In some of the relatively peaceful periods in history, including certain periods under the Roman Empire, and the so-called "long peace" after World War II, the relatively war-free state of politics was due to there being one super-powerful nation that had a particularly strong imperial influence over the rest of the world. If the only reliable way to avoid war is to have global empires ruling by force, then the prospects for any meaningful world peace seem a bit grim.
One thing that needs to be figured out, if we (humankind) are ever going to manage a more peaceful world, is how we can peacefully move on from historical injustices. There's a moral dilemma involved in this. On one hand, if people keep holding grudges, for the wrongs that they or their people have suffered in the past, or for present-day disadvantages that stem from those wrongs, then peace is always going to be tenuous. Real, lasting, stable peace requires trust and solidarity among people. Those things quickly unravel if old grudges are constantly resurfacing.
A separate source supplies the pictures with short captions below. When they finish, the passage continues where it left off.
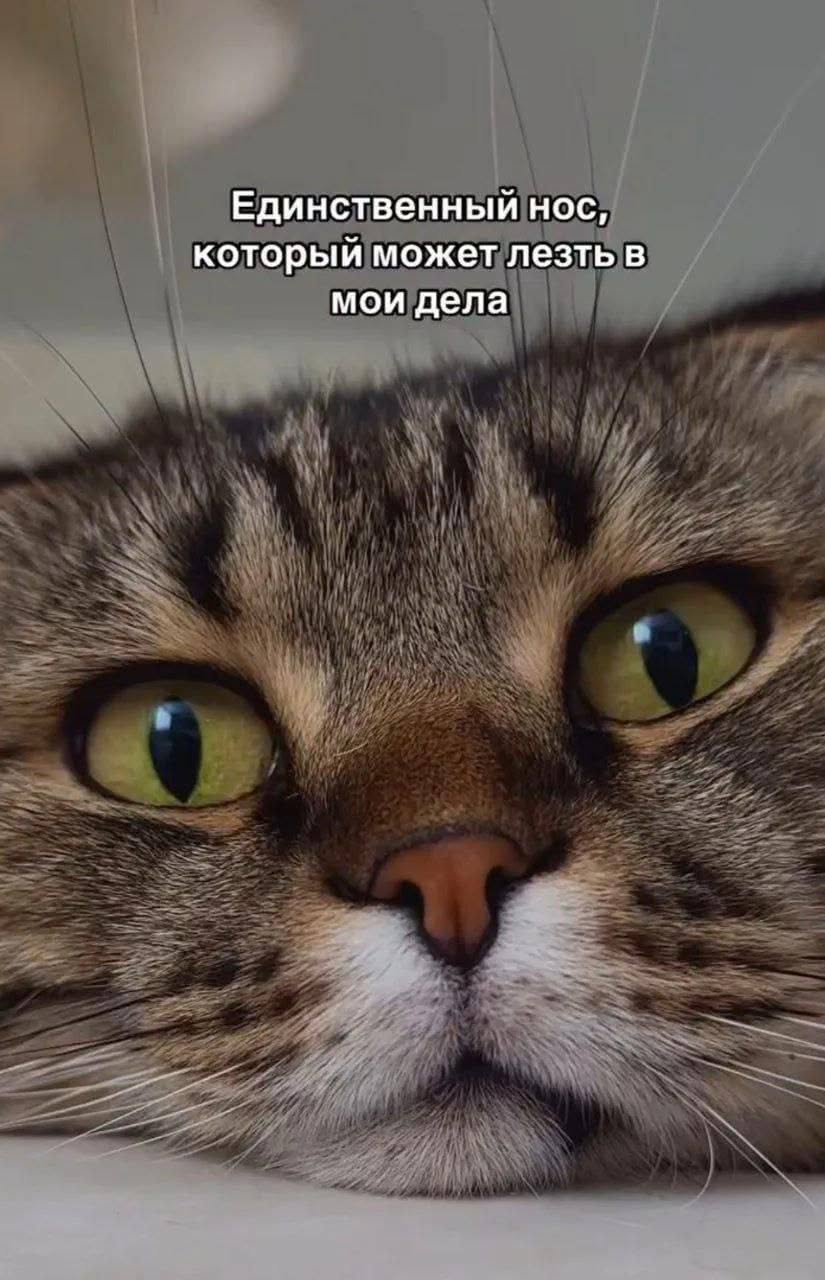 Подписывайся на канал тут мемы каждый день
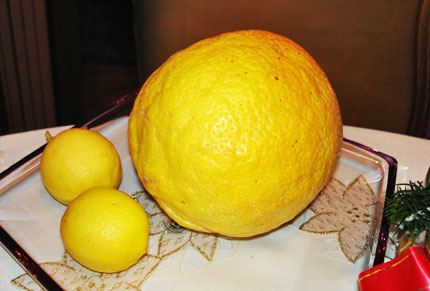 limun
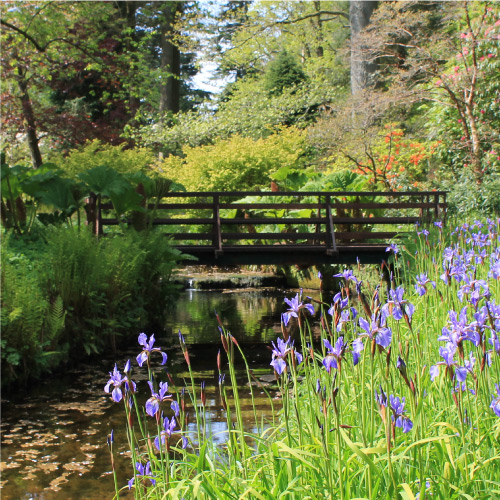 Geilston Garden burn and irises at bridge. Image © Friends of Geilston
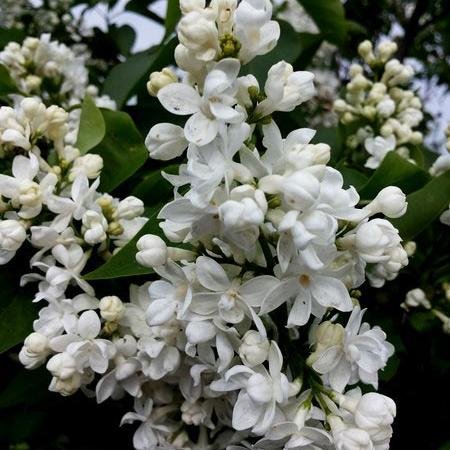 SargataE's profile picture. 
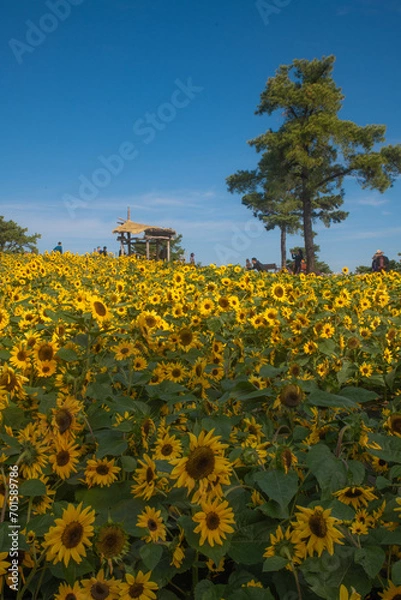 Fototapeta sunflower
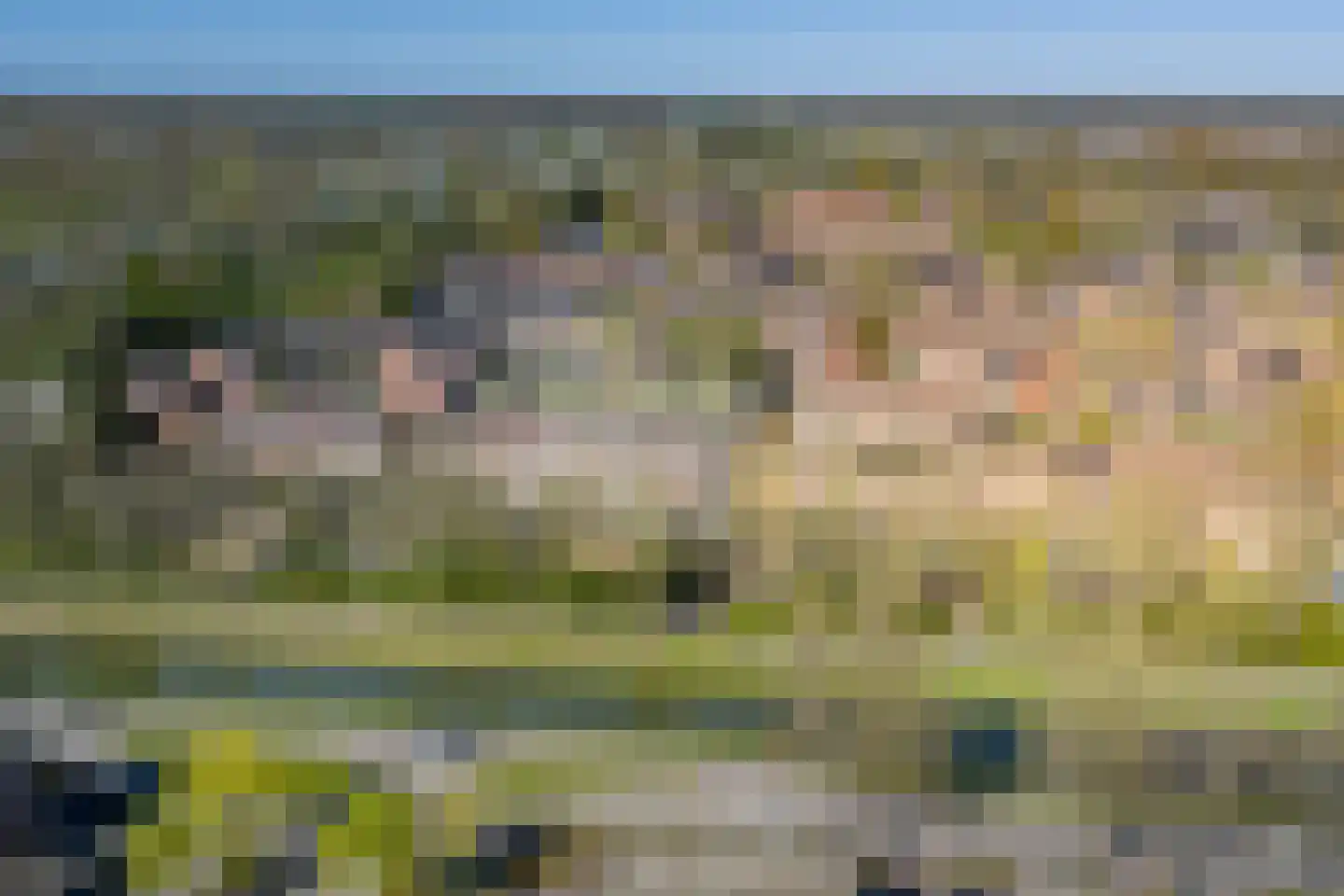 Meerkoet 50 Deventer thumbnail 49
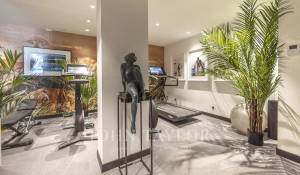 Сезонная аренда Поместье Cannes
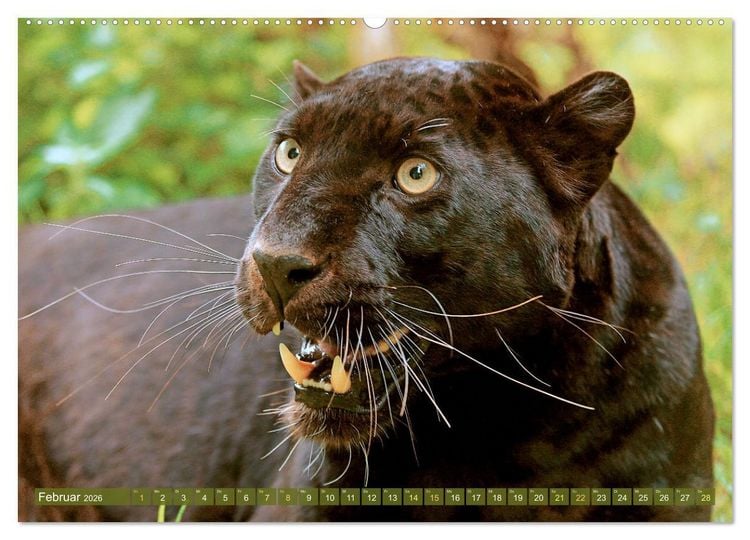 Produktbild: Raubkatzen: Geschmeidige J&auml;ger (Wandkalender 2026 DIN A2 quer), CALVENDO Monatskalender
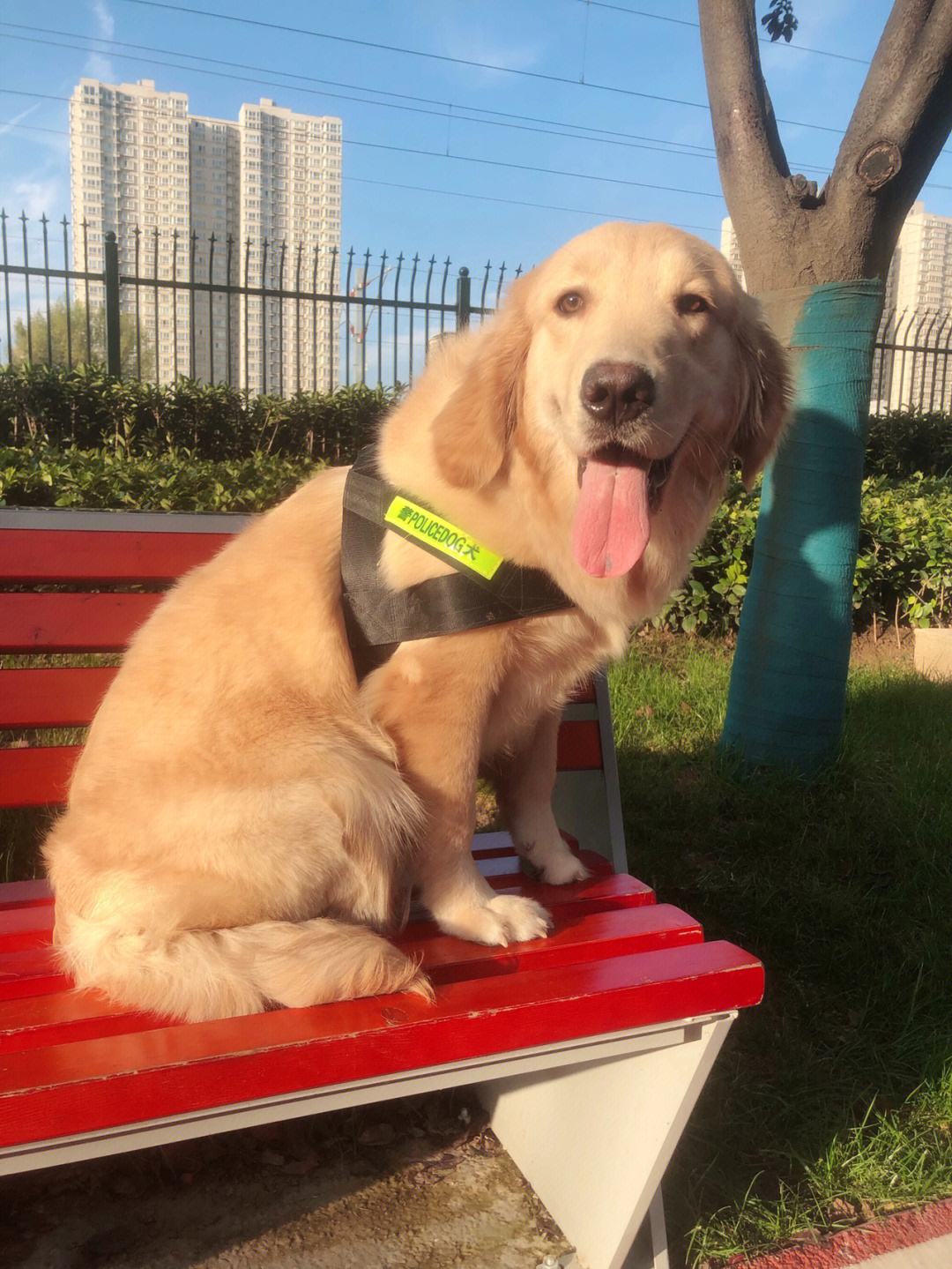 包含金毛幼犬叫名字没反应训练的词条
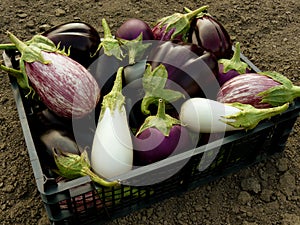 Home grown eggplants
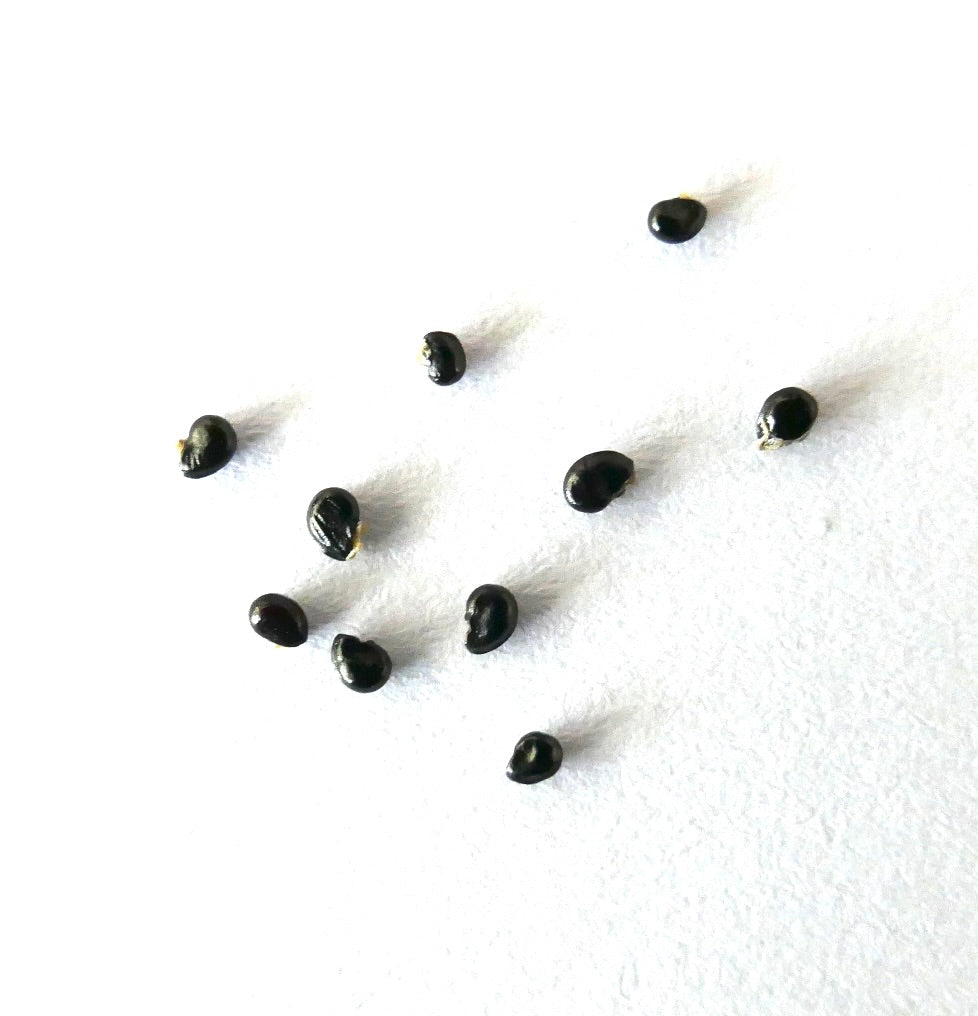 Copiapoa corralensis PHA2509 SEEDS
On the other hand, the moral value of peace seems undermined if, in order to attain peace, we require people to simply ignore or become content with the unjust suffering that has been inflicted on them. This intuition is captured in the slogan "no peace without justice". So, the question is whether we can right historical wrongs and establish the conditions for a future-looking peace, without reigniting the conflicts that surround those wrongs. Different practical approaches to addressing this challenge have been tried, like "truth and reconciliation commissions", and "reparation movements" for historical injustices.
It may be that the hope of world peace hinges in part on people's creativity (and courage) in trying to figure out how to get more communities to buy into these kinds of peace-building endeavours.